RL works in a dynamic environment, and the goal is to find the best sequence of actions that will generate the optimal outcome: collect the most reward. The Agent is the “brain” of the robot, a piece of software that explores, interacts with and learns from the environment, which is everything that exists outside of the agent. It is where the agent sends actions, and it is what generates rewards and observations. The reward function is what you want the agent to do and how you will reward it for doing what you want, it represents the “goodness” of an agent being in a particular state and taking a particular action. Thus, the agent takes in the state observations, the inputs, and maps them to actions, the outputs. This mapping is called the Policy. Given a set of observations, the policy decides which action to take, and the learning algorithm is the optimization method used to find the optimal policy. In Deep Reinforcement Learning, the Policy can be a Deep Neural Network, allowing us a more complex policy that can input thousands of states at once, and still come up with meaningful action.

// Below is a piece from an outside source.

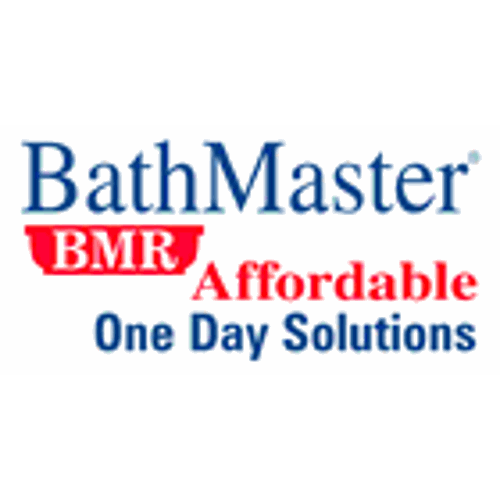 BathMaster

The talk addresses the full workflow for Deep Reinforcement Learning: choosing an adequate environment, crafting a reward function, choosing a policy function, training and deployment. Using Model-Based Design, the talk demonstrates how to build and control a virtual biped humanoid robot in Simulink and leverages Deep Reinforcement Learning in MATLAB, specifically the Deep Deterministic Policy Gradient (DDPG), to successfully train the agent. Finally, we discuss how to deploy the optimal policies to the target hardware, using C/C++ or CUDA.